I have always said that it is obvious that many of the warmistas have never spent any time outside.
Spending entire nights outside with your livlihood on the line, with thermometers all over the property, while studying subjects such as meteorology and climatology and indisciplinary natural science at the nearby University…or even just doing it cause you like to stay up all night walking around outside…will teach an observant person many things that cannot possibly be gleaned without this experience.
So your intuition is on point Steve. There are things we can only truly know deep down and for sure when we have direct personal experience.
And believe me, I have wondered long and hard exactly where the energy for this jump in temps came from.
Most of this experience was in the mid 1980s to early to mid 1990s, so it predates all of the many discussions and such about radiative gasses in the context of global warming alarmism.

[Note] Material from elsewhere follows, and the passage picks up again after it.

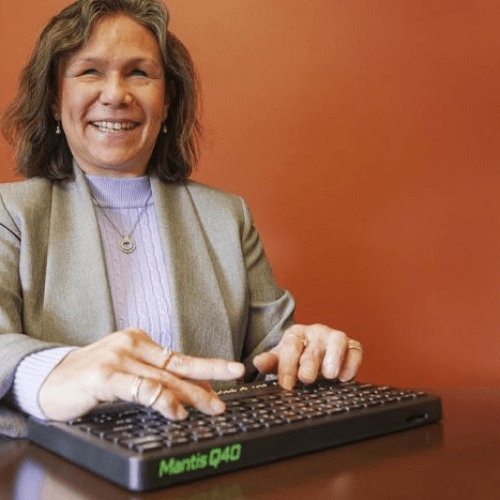Mantis Q40 braille display Blind Assistive Technology for Balkan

”I have wondered long and hard exactly where the energy for this jump in temps came from.”
The heat comes from the ground.
No, not it these instances.Heat flow from the ground to the air is not even close to fast enough to warm air 5 to 6 off the ground by several degrees.
Heat flow from the ground is not even fast enough for 70° soil to prevent frost from forming at 38° of air temp.
Subsurface heat does not warm air by any appreciable amount.
Think of the opposite situation…a hot sunny day on a beach. The top few inches of sand are scorching hot by early aftrrnoon, but a few inches below that the sand is cool, and even cold if it is early in the year, such as New Jersey on a warm Memorial Day weekend.
Soil is a very poor conductor of heat.
In Florida the sandy soil is an even worse conductor than more typical soils with a high organics content.
Oh, one more thing…these clouds originate in the tropical Pacific, and streak from the southwest to northeast behind cold fronts in that part of the country.
They are far more common when the Pacific is in a particular state re ENSO…I will leave it anyone interested to guess which state leads to these types of clouds occurring with regularity.
Like I said, maybe I don’t get outside at night enough and certainly not with my eyes glued to a thermometer (-:
The stories I have from those days…
Things very few people know anything about, like what are called “frost pockets”…places that on cold nights (and only cold nights, that is when there is radiational cooling) are routinely as much as tens of degrees colder than surrounding areas; preventing freeze or frost damage to sensitive crops with a layer of ice; how a dust devil or a hail storm can wipe out a grower in literally minutes, while a (or a few) hundred feet in any direction nothing at all happened; how fast a single cow that jumps a fence can eat an entire vegetable garden without making a sound, and do so faster than can be believed; how a person can literally levitate and run across the top of knee deep swamp when a alligator creeps up behind you…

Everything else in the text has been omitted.